I called [City of Gadsden Clerk] Iva Nelson and got myself on the agenda to speak at the city council meeting. I got beat up pretty good in Southside, and that’s part of it. You get beat up occasionally, especially when people don’t know the truth. I went as a voice to the people. I told them what the people said, that we don’t want this in Etowah County. The people are our lifeblood and we’re all a part of that [Gadsden] seat. It’s crucial to listen to them.”
What can residents of district 4 expect from you as their commissioner?
“More of the same – I’ll do what I can. I’m very accessible. Most of the stuff that I hand out, my door hangers and push cards, it’s got my phone number on it. My phone rang 89 times the other day. It wasn’t all county commission of course, but my phone rings quite a bit. I put my number out there. If you need your county commissioner, I want you to call me. Put my number in your phone.
I’m going to tell you the truth. I’m going to be available to you and I’m going to do my best to fix the problem you’ve got with all the knowledge I’ve gained.”
Should you be elected, what knowledge have you gained during your time as commissioner that you would take with you?
“One of the things I’ve learned just over the last year, is really how the road system works and what the problems are that we’re up against in paving. I said earlier, it’s about how much money it’s going to take and what we have to do. It took a long time to unearth all those things and figure out why all my roads were falling apart.
I’m hoping that in the next year, there are at least a couple major changes in our direction on what we are doing on road paving. We’ve got to do something completely different.”
How would you describe your ultimate vision for Etowah County?
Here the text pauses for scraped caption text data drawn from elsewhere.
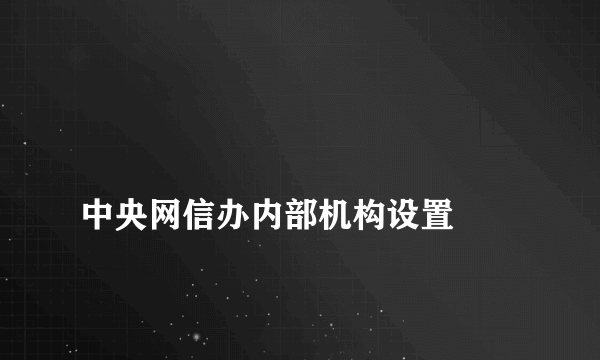 
中央网信办内部机构设置

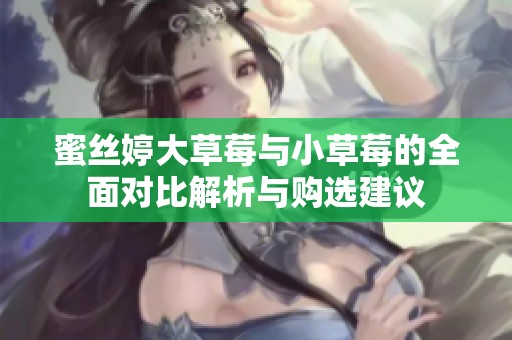 蜜丝婷大草莓与小草莓的全面对比解析与购选建议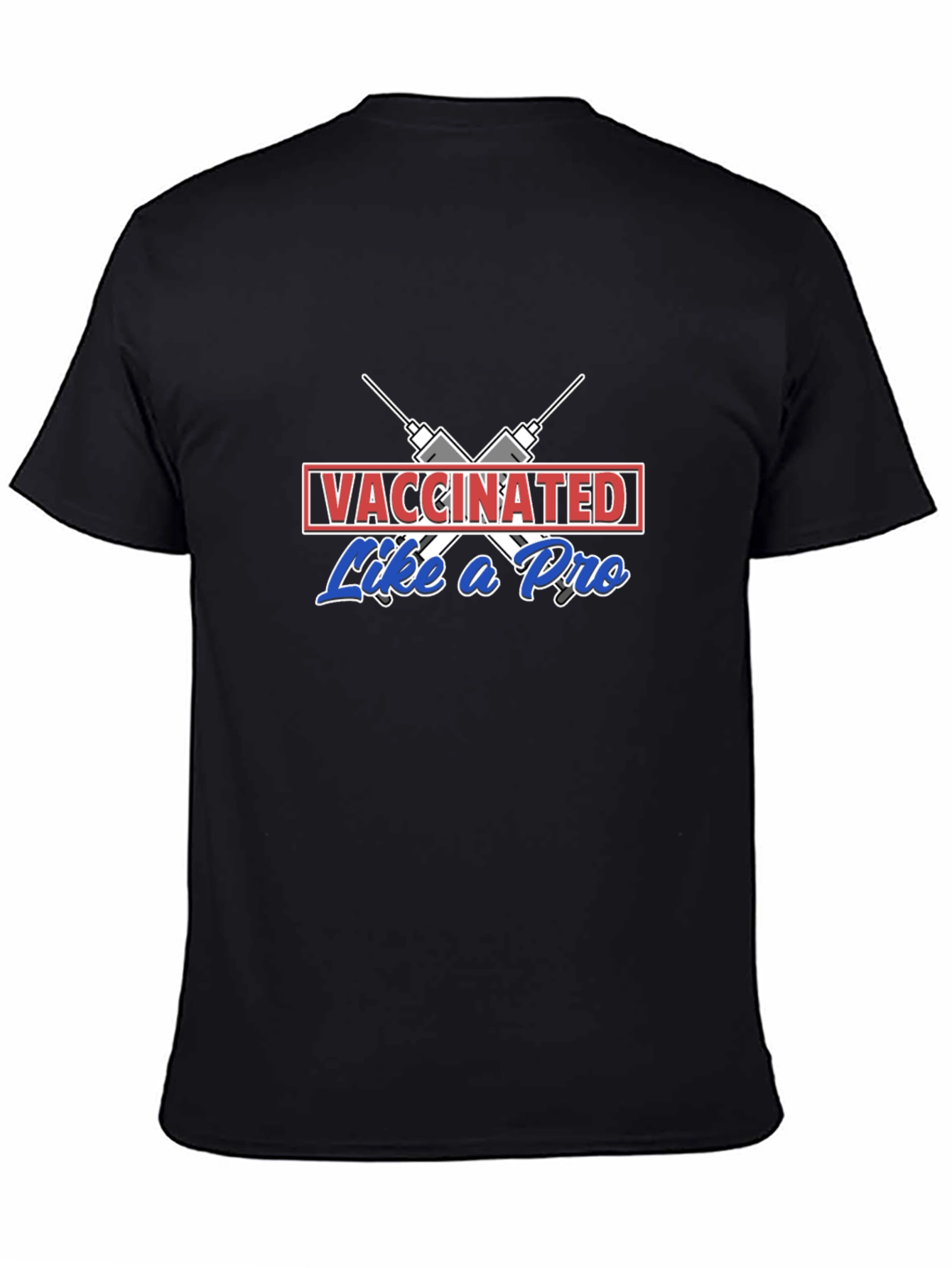 Black Vaccinated Like A Pro Graphic Tee view 4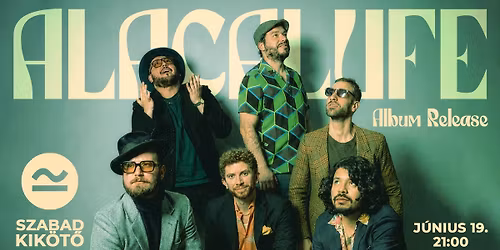 Alacalufe Band | album release @Szabadkik\u00f6t\u0151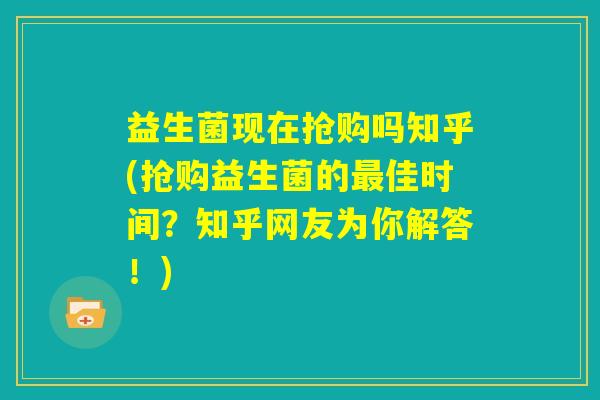 益生菌现在抢购吗知乎(抢购益生菌的最佳时间?知乎网友为你解答!) 益生菌现在抢购吗知乎(抢购益生菌的最佳时间?知乎网友为你解答!)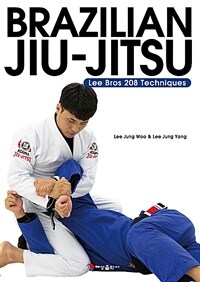 Brazilian jiu-jitsu :Lee bros 208 techniques 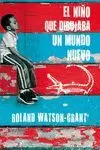 NIÑO QUE DIBUJABA UN MUNDO NUEVO, EL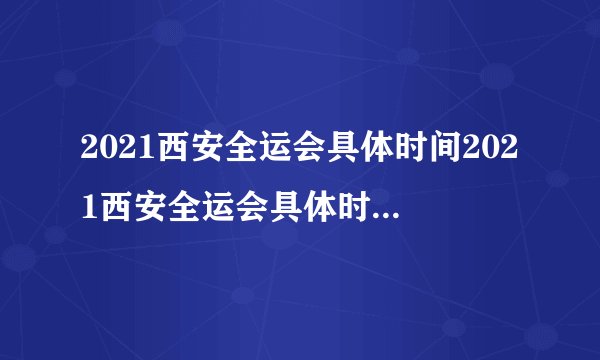 2021西安全运会具体时间2021西安全运会具体时间是什么时候
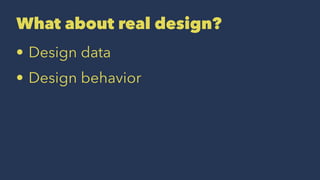 What about real design?
• Design data
• Design behavior
 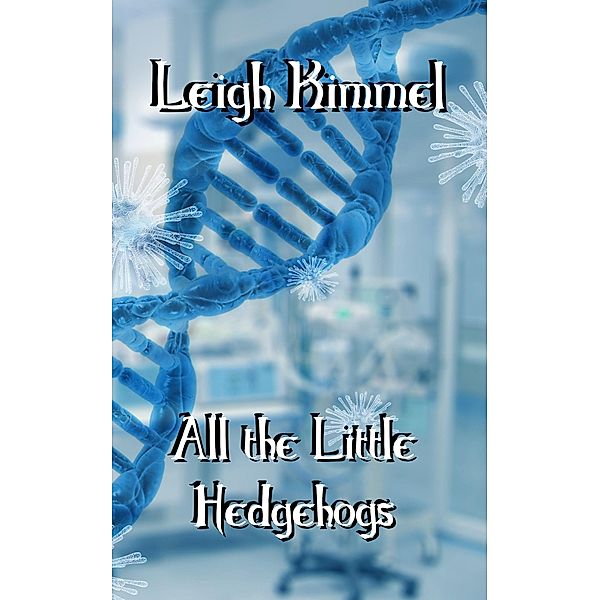 All the Little Hedgehogs, Leigh Kimmel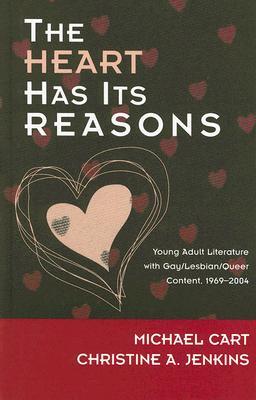 The Heart Has Its Reasons: Young Adult Literature with Gay/Lesbian/Queer Content, 1969-2004 (Scarecrow Studies in Young Adult Literature, 18)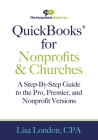 QuickBooks for Nonprofits & Churches: A Setp-By-Step Guide to the Pro, Premier, and Nonprofit Versions (Accountant Beside You) Cover Image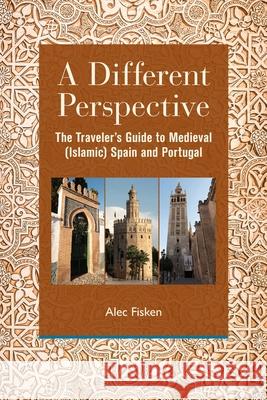 A Different Perspective: The Traveler's Guide to Medieval (Islamic) Spain and Portugal Alec Fisken 9780578633664 Alec Fisken - książka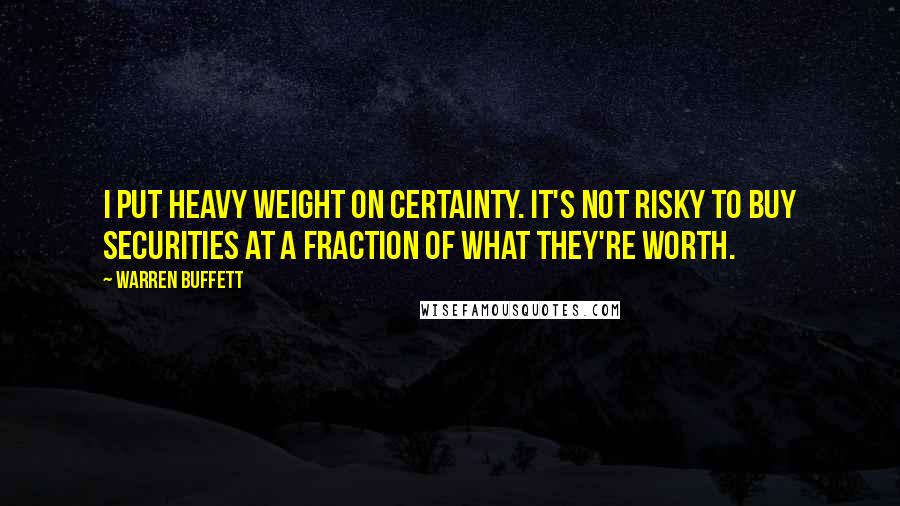 Warren Buffett Quotes: I put heavy weight on certainty. It's not risky to buy securities at a fraction of what they're worth.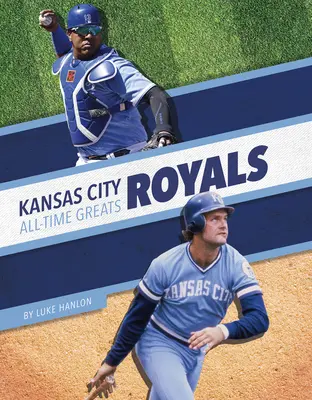 Kansas City Royals - gwiazdy wszech czasów - Kansas City Royals All-Time Greats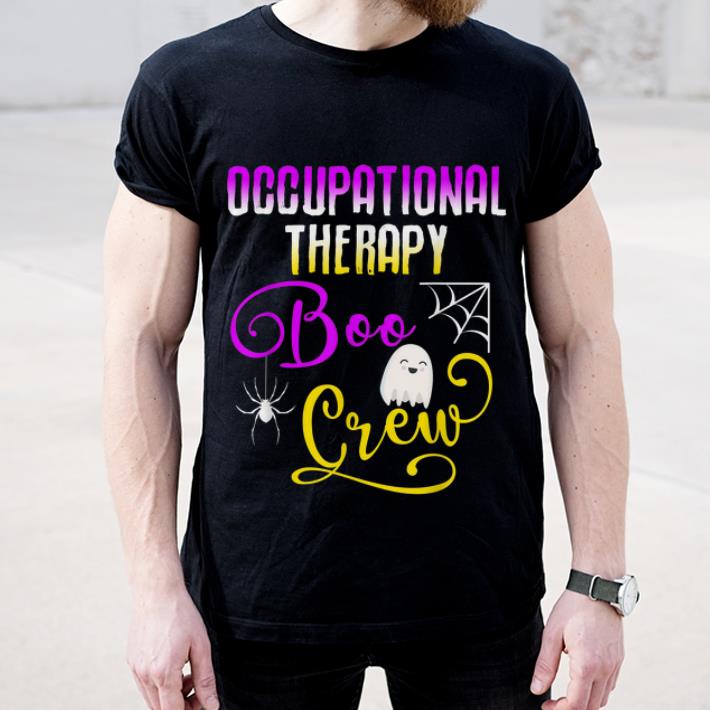 Nice Occupational Therapy Boo Crew Halloween Ghost Group Matching shirt 4 - Nice Occupational Therapy Boo Crew Halloween Ghost Group Matching shirt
“I think we have so many assets here. The river runs through here and Noccalula Falls is under-appreciated for its beauty and outdoor activities. It’ll promote the mega-site and really bring up the county.
All of that goes into making our community better. I think we could do better with our schools. What’s happening at Gadsden State is really the cornerstone of advanced technology. They’re building a new [Advanced Manufacturing] center over there hopefully soon. Things are really looking up, and I’m excited about being a part of that. We’re moving in the right direction.”
If there’s a message you’d like to send to voters, what would you say to them?
“Get involved. Be a part of the community. Be a part of the people who actually know what’s going on. Let’s promote what’s positive, because there’s a lot of positives to promote. Come to the commission and council meetings and find out what’s going on. Be a voice for what you want, and just get involved. Be a part of the solution.”